**What you should do:** Only the stretch below from the line holding "Givova Tepláková souprava Givova Tuta One TT012 1210 Givova" through the line holding "KIA LOTZE ADVANCE" should be restated, word for word and with both ends included; pictures stay out.

**Source material:**
* * *
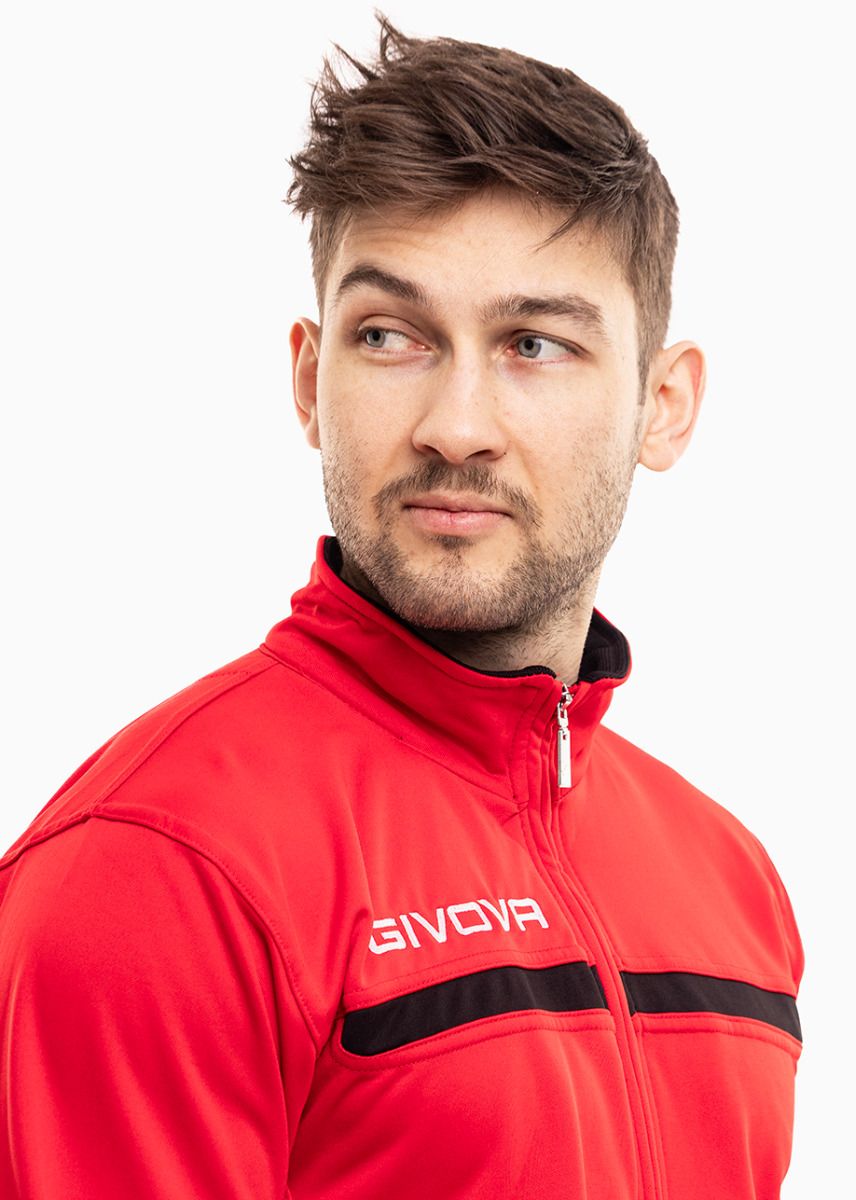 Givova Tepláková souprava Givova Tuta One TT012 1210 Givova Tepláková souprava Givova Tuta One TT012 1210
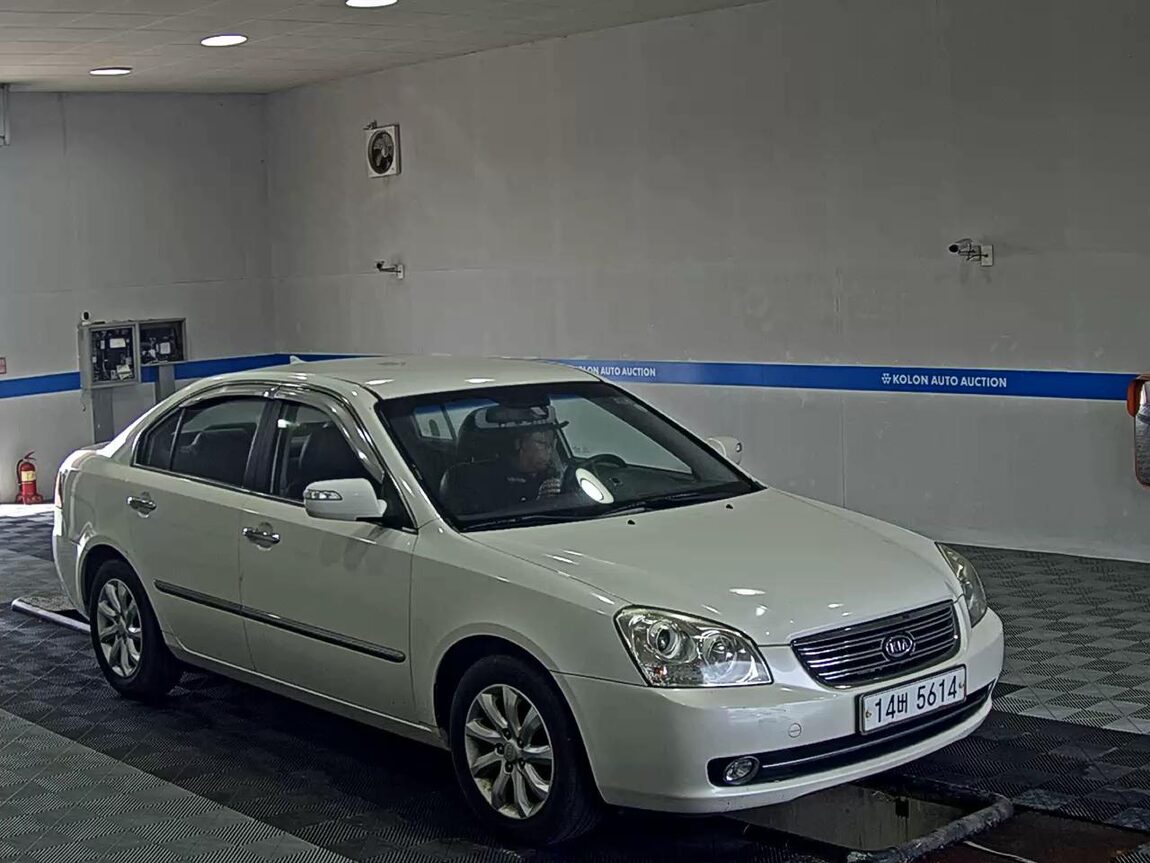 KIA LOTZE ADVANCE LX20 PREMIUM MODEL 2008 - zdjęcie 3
* * *
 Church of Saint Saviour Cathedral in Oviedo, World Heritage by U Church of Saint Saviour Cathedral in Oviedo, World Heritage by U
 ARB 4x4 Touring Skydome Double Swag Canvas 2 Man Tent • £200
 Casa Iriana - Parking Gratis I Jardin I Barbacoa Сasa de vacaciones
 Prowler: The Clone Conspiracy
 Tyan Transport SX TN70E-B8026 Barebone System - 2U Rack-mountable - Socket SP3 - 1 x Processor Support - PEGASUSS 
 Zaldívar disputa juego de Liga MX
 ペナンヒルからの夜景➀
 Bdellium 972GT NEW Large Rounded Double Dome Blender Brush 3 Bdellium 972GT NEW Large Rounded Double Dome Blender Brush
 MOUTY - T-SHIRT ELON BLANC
* * *
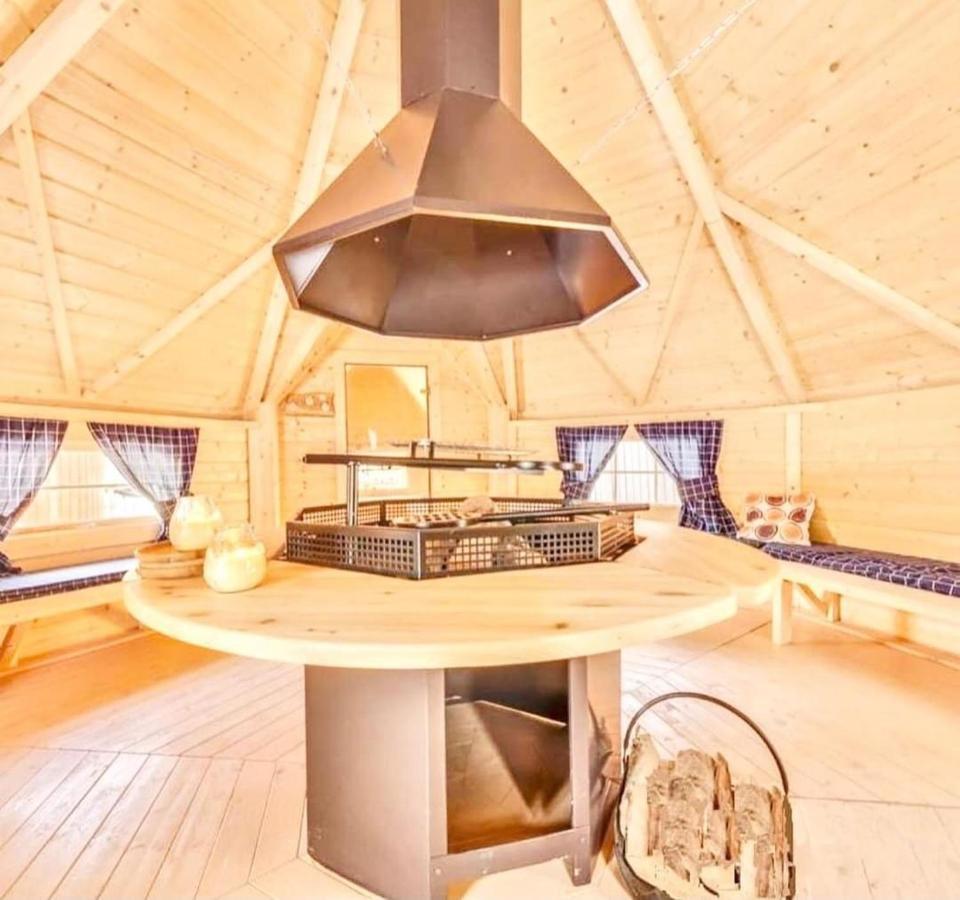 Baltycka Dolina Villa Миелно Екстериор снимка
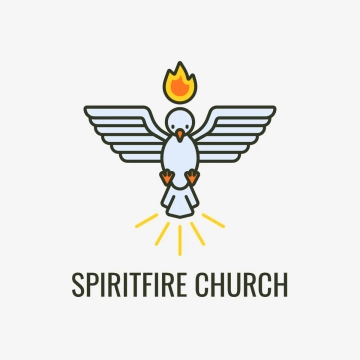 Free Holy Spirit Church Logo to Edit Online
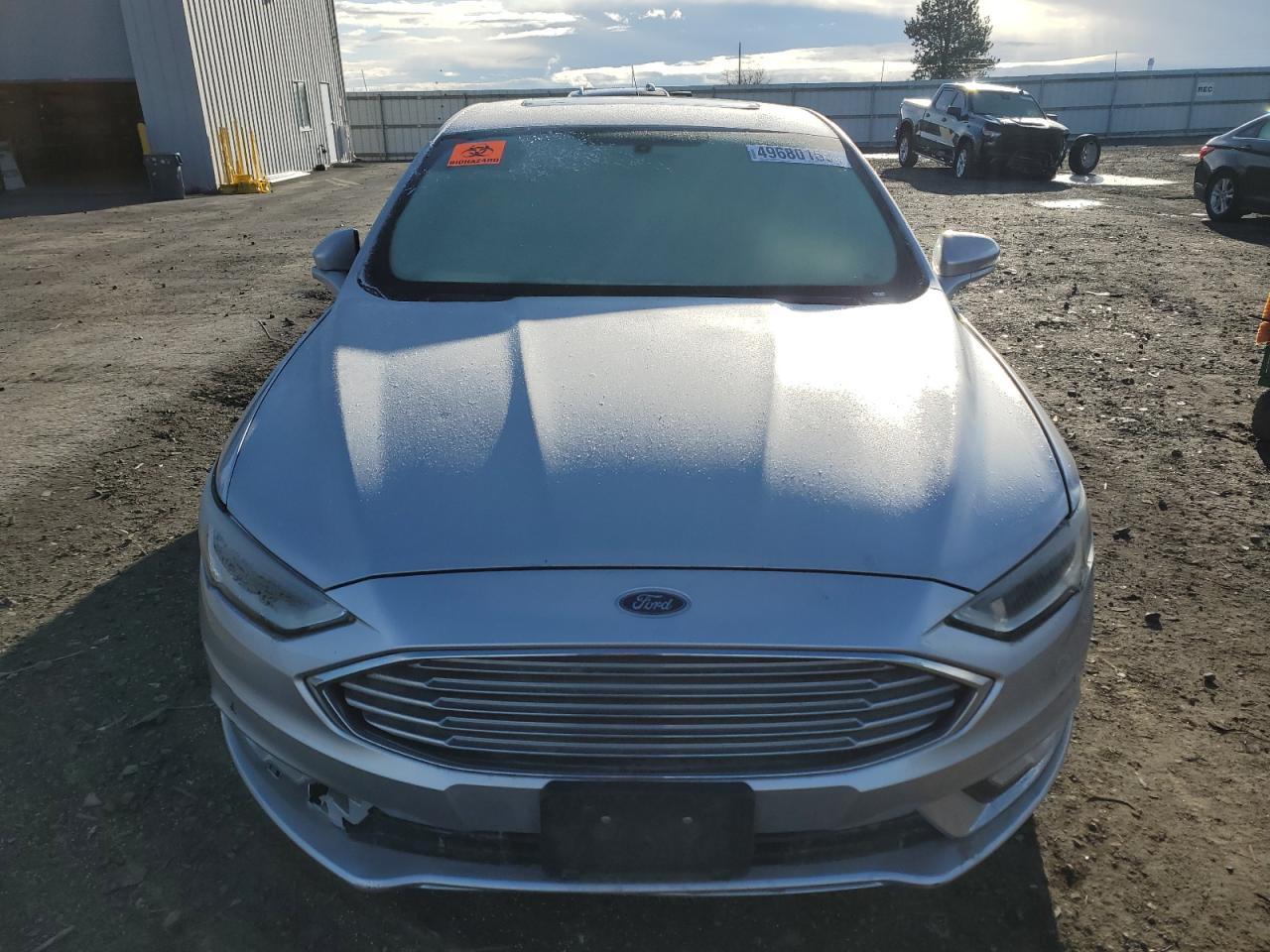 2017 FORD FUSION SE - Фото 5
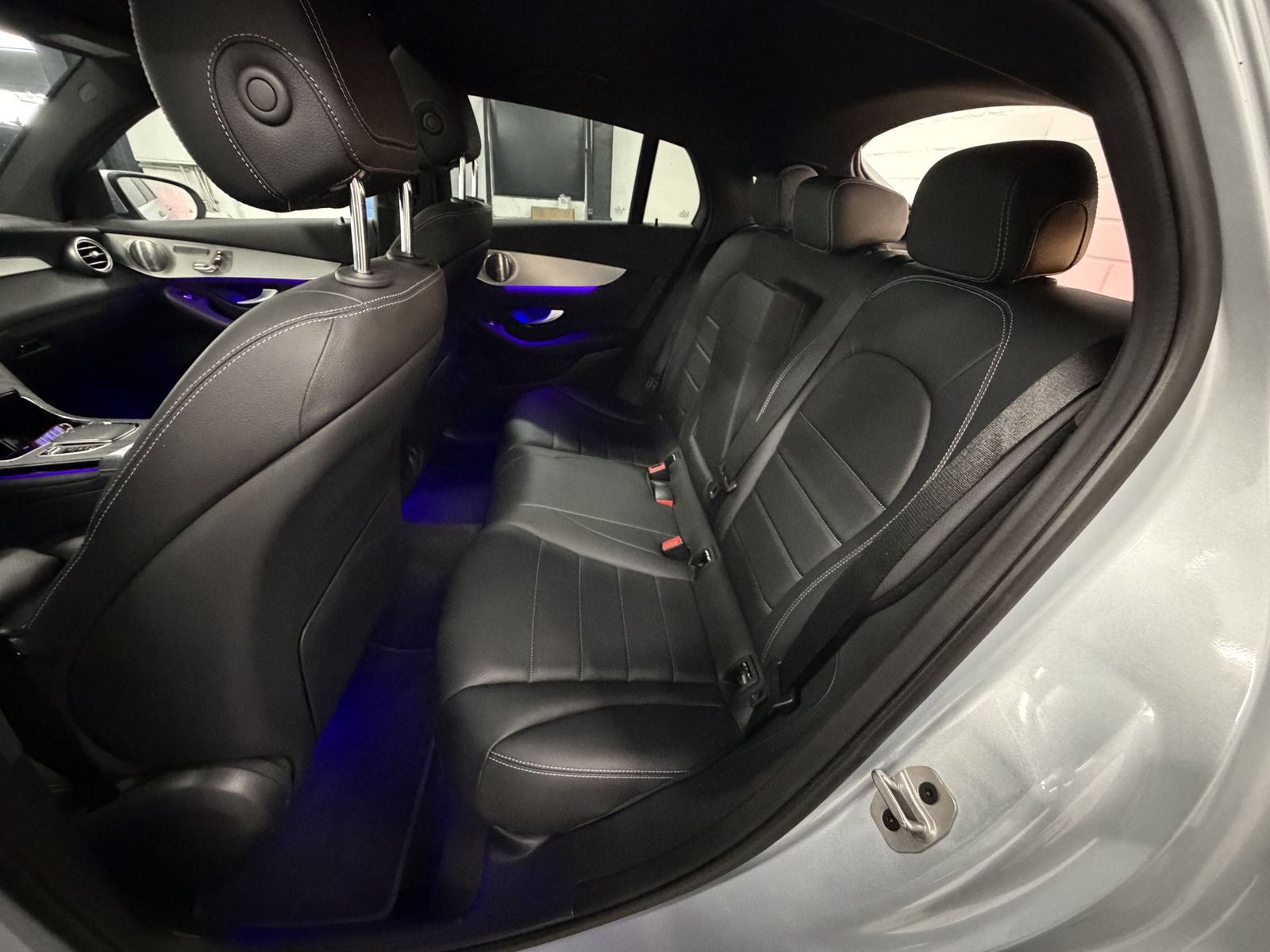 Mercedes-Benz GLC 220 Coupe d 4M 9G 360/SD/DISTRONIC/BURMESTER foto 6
* * *
**Result for this exercise:**
 Givova Tepláková souprava Givova Tuta One TT012 1210 Givova Tepláková souprava Givova Tuta One TT012 1210
 KIA LOTZE ADVANCE LX20 PREMIUM MODEL 2008 - zdjęcie 3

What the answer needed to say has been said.